I’m absolutely sure that this does indeed happen (media reflecting actual trends). In fact, it stands to reason imho that the majority of what we hear in the media reflects real-world dialects. But I dunno about Butthead. My guess there is that his manner of speech was invented by Judge, but that’s conjecture (based on the facts that {1} I never heard that style of speech before B&B, and {2} voice artists actively cultivate unique trademark styles for their characters).
But think about this… why are these kids in the rural heartland adopting a bastardized (almost comic) surfer-speak? Their parents sure aren’t speaking it. They’re not hanging out with surfers. In fact, I’d bet that actual surfers would find their dialect laughable, and that they have adopted it largely from a media adaptation of “surfer” accents.
I remember getting out of a taxi in Savannah, just behind a pair of teenage boys who had apparently given a couple of teenage girls a lift. When the girls got out, the boys, very White Southern, started entreating them not to leave – using MTV gansta rap speak! It was ridiculous, and I will bet you any amount of money that they got that style from the media and not from actually hanging out with anyone who grew up speaking that way (or anywhere close to it). Again, can’t prove it, but I would literally bet you any amount of money.

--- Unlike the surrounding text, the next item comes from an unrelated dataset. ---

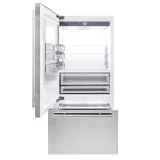 Fhiaba BKS8990TST3 left hinge ice maker)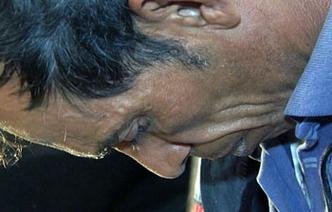 Anderson Gon�alves de Meira, 48, foi encontrado em Sabar�, na Grande BH (foto: Reprodu��o/TV Alterosa)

It’s a cyclical relationship, of course. Media picks up all kinds of real-world accents. These are then disseminated, and the ones deemed cool are picked up by other speakers. Media rarely invents styles of parlance, but it does amplify and broaden them. In the case of Butthead, though, my money’s still on invention rather than reflection.
It’s interesting, and hopefully some substantive research will be done. But as I said above, there’s a large fashion component to language, and it seems odd that mass media would not play a role in influencing – by spreading, altering, and sometimes creating – fashions in language just as it does fashions in clothes etc.
Apparently, I just lied. I did indeed propose a “definite” influence from media to speakers. My apologies, ruadh. ::Puts on dunce cap, stands in corner::
My dad’s family lives in Detroit (well, Southfield and Berkley, but Detroit area) and it’s definitely present in their pronunciation. Both my step-sisters have it too, despite having lived in California for several years in their late teens. They live in Milan and Ann Arbor.
I’m not sure exactly what you mean by “that style of speech”. I can remember seeing B&B when it first came out, and thinking how many people from my high school (which had a substantial “white trash” minority) they reminded me of. I certainly don’t remember thinking there was anything original about the way they talked.
I think you’ve unwittingly hit on it there. It isn’t actual “surfer-speak”, despite the label. It’s just the vernacular of a particular demographic (young white guys) and has spread in the same ways all vernaculars spread.
I’ve heard people bring up examples like these before and I just don’t think there’s anywhere near enough evidence in them to go on. These are strangers who you heard speak for a few minutes at most - neither of us know anything about their background or even if they were using their “normal” speaking voices at the time.
Fashion is a much more superficial phenomenon than language though, I’m not sure there’s any comparison. But as the estimable hazel-rah put it on these boards once: “I know it’s counterintuitive, but most things about language are.”